Assignment 8: People and the sea (or a lake)
How do people interact with the sea?
The sea has strong links to leisure, sport, and industry, all of which have plenty of potential photographically. Think beyond simple photos of people on summer holidays. How can you explore the relationship between people and water in more depth?
Another approach is to show scale and photograph people in a way that shows the vast size and scope of the ocean. Yet another is to show people battling the weather, perhaps fishermen at sea.
Assignment 20: Framed by color (frames)
Some frames are visual rather than literal. One way to make a visual frame is to look for compositions where the main subject is surrounded by a solid block of color, as in the photo below.
This is another assignment that tests your observational skills. It also has the potential to make an interesting series. What happens when you group a set of photos that use color as a frame together?
Assignment 24: Weathered surfaces (texture)
Old buildings of all descriptions are made of materials with interesting textures. The definition of old is relative, your chosen building might be hundreds of years old or just a few.

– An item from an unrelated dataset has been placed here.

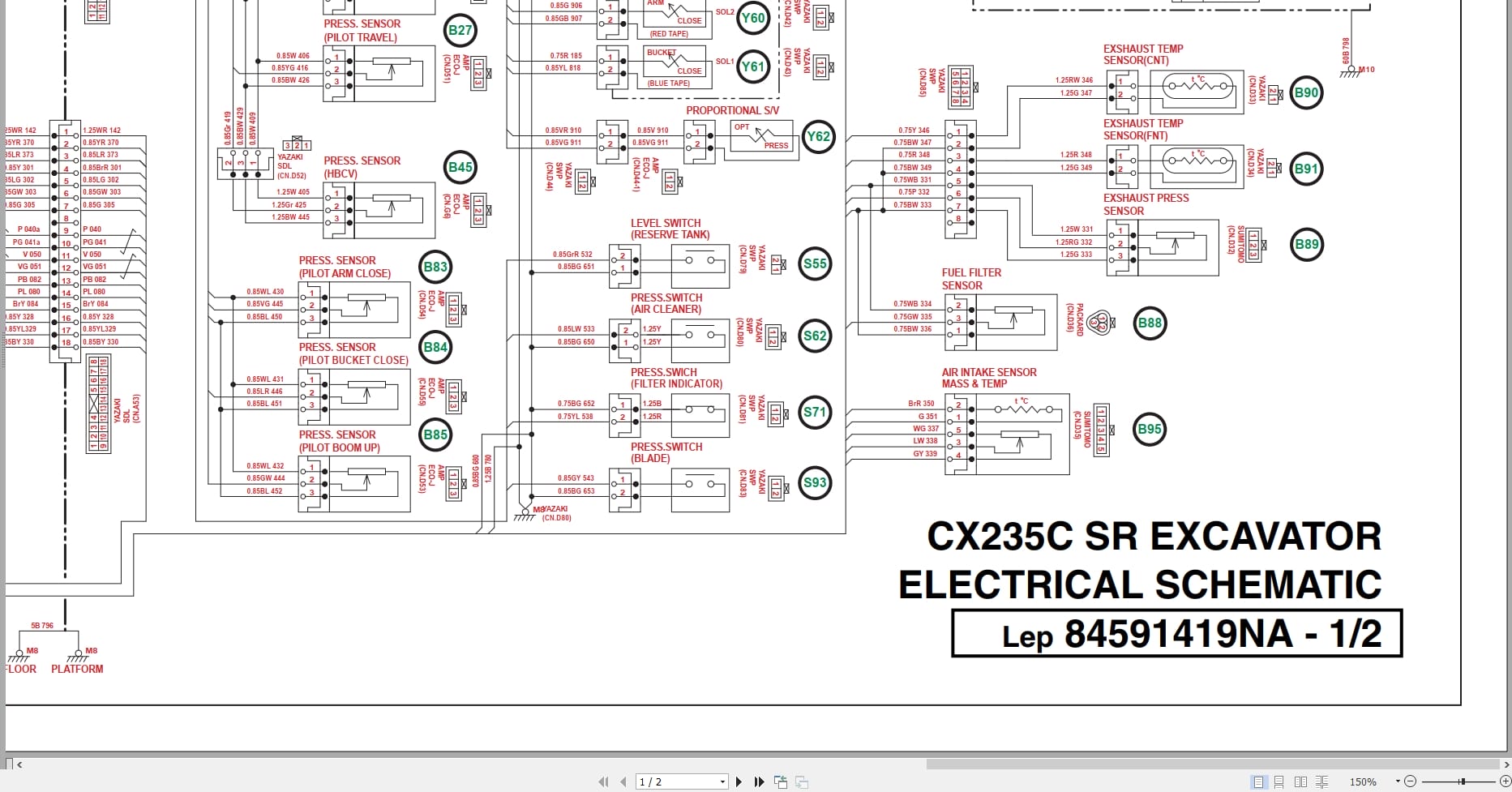 Case Excavator CX235C SR Electrical Schematic 84591419NA (1)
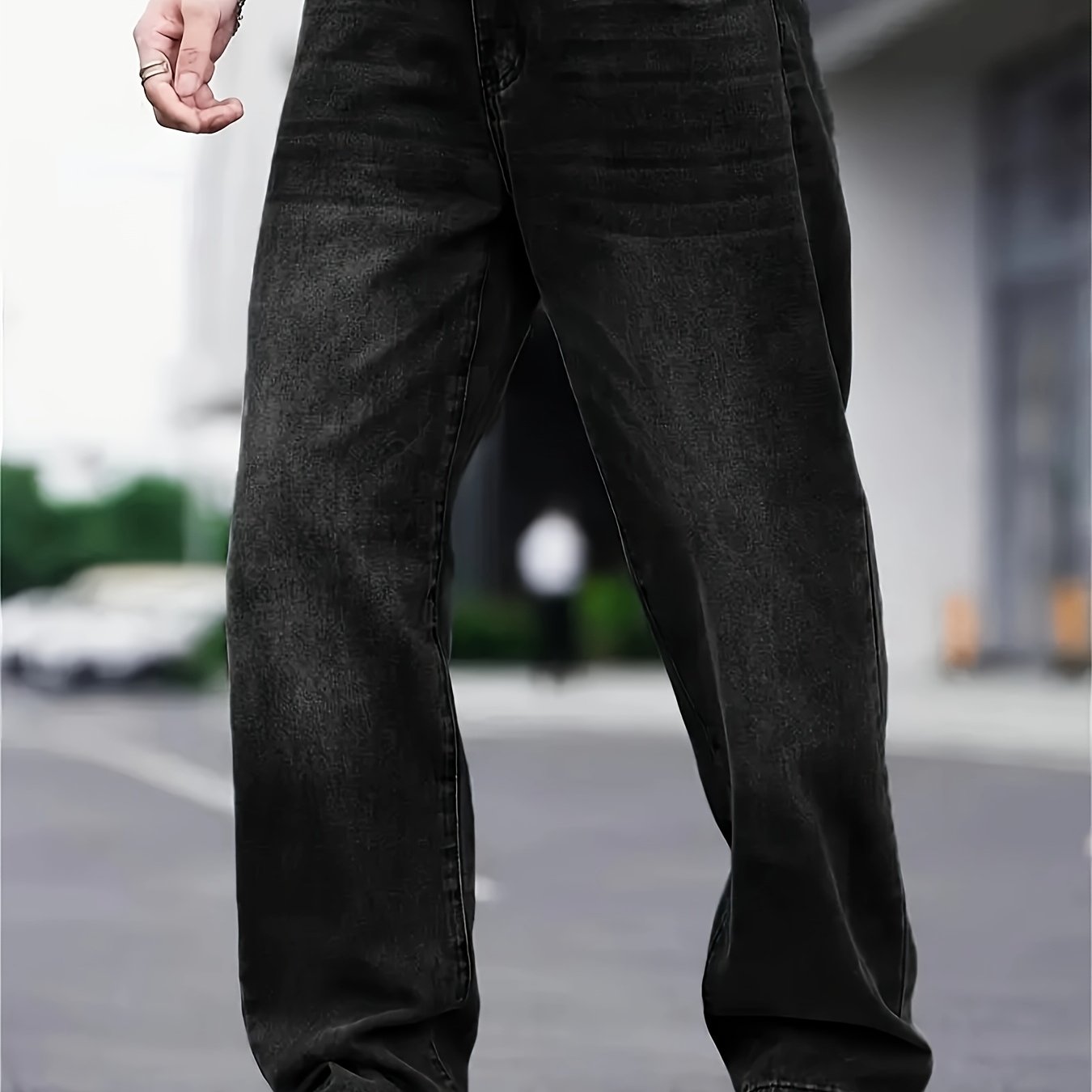 Image of Men's Fashion Hip-hop Style Loose Straight Jeans | Solid Color Straight Trousers | Loose Fit Washed Denim Jeans | Casual Essential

The important thing is that it looks old. That means visible signs of weathering, like the metal wall and wooden door frame in the photo below. Some texture surfaces, like rust, also have interesting colors that you can use to your advantage.
Assignment 31: On the outside (buildings)

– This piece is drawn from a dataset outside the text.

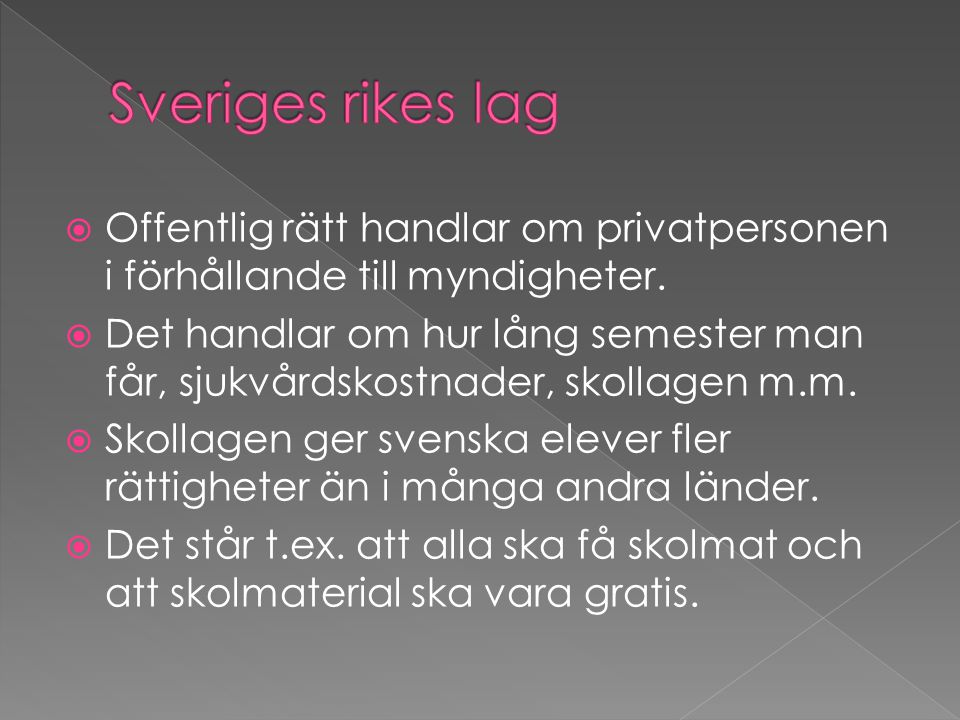 Sveriges rikes lag Offentlig rätt handlar om privatpersonen i förhållande till myndigheter.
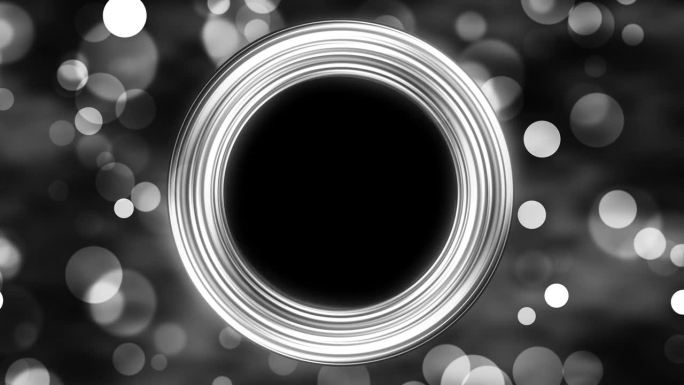 黑白背景上的黑白发光圆。圆圈的中心与alpha通道隔离，以添加文本，徽标，照片或视频。霓虹灯。框架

One approach to photographing buildings is to include as much of the building as possible in the frame. But what happens if you take another approach?
Have you ever stopped to notice the interesting things that people put outside buildings?
In Italy, I found a shrine on the outside of a colorful red building in Venice (below). In the United States window boxes and mailboxes are commonplace. Nearly everywhere you go you’ll see plants in pots outside people’s homes.
All these items make potentially interesting subjects and have the potential to be turned into an interesting series.
This assignment gets more interesting when you do it in different places, and compare the things you find outside buildings in one place with those in another location.
Assignment 39: Urban decay (your local neighborhood)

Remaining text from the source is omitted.